Precalculus (6th Edition) Blitzer

The exact solution of the equation $2\sin 3x+\sqrt{3}=0$ on the interval $\left[ 0,2\pi \right)$ is $\frac{4\pi }{9}$ , $\frac{5\pi }{9}$ , $\frac{10\pi }{9}$ , $\frac{11\pi }{9}$ , $\frac{16\pi }{9}$ , and $\frac{17\pi }{9}$.

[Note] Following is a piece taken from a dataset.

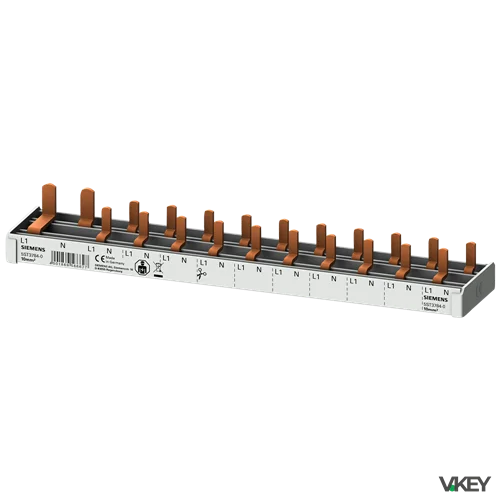 SBAR.10 MM2 1XDifferenziale 1P+N + 10X 5SV1 12UM | Siemens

Let us consider the provided expression: $2\sin 3x+\sqrt{3}=0$ Add $-\sqrt{3}\text{ }$ on both sides: \begin{align} & 2\sin 3x+\sqrt{3}-\sqrt{3}=0-\sqrt{3} \\ & 2\sin 3x=-\sqrt{3} \end{align} And divide by $2$ on both sides: \begin{align} & \frac{2\sin 3x}{2}=\frac{-\sqrt{3}}{2} \\ & \sin 3x=\frac{-\sqrt{3}}{2} \end{align} On, the interval $\left[ 0,2\pi \right),$ the sine function is $\frac{-\sqrt{3}}{2}$ at $\frac{4\pi }{3}\text{ and }\frac{5\pi }{3}$. So, \begin{align} & \sin 3x=\frac{-\sqrt{3}}{2} \\ & 3x=\frac{4\pi }{3} \end{align} Or, \begin{align} & \sin 3x=\frac{-\sqrt{3}}{2} \\ & 3x=\frac{5\pi }{3} \end{align} Since the period of the sine function is $2\pi$, the general solution of the equation is: \begin{align} & 3x=\frac{4\pi }{3}+2n\pi \\ & x=\frac{4\pi }{9}+\frac{2n\pi }{3} \end{align} Or, \begin{align} & 3x=\frac{5\pi }{3}+2n\pi \\ & x=\frac{5\pi }{9}+\frac{2n\pi }{3} \end{align} To get different solutions, put $\text{ }n=0,1,2,3\ldots$ When $n=0$ , $x=\frac{4\pi }{9}\text{ or }x=\frac{5\pi }{9}$ When $n=1$ , \begin{align} & x=\frac{4\pi }{9}+\frac{2\pi }{3} \\ & =\frac{10\pi }{9} \end{align} Or, \begin{align} & x=\frac{5\pi }{9}+\frac{2\pi }{3} \\ & =\frac{11\pi }{9} \end{align} When $n=2$ , \begin{align} & x=\frac{4\pi }{9}+\frac{4\pi }{3} \\ & =\frac{16\pi }{9} \end{align} Or, \begin{align} & x=\frac{5\pi }{9}+\frac{4\pi }{3} \\ & =\frac{17\pi }{9} \end{align} Put the other values of $n$; then the solution becomes outside the interval $\left[ 0,2\pi \right).$ Thus, the exact solution of the equation $2\sin 3x+\sqrt{3}=0$ on the interval $\left[ 0,2\pi \right)$ is $\frac{4\pi }{9}$ , $\frac{5\pi }{9}$ , $\frac{10\pi }{9}$ , $\frac{11\pi }{9}$ , $\frac{16\pi }{9}$ , and $\frac{17\pi }{9}$.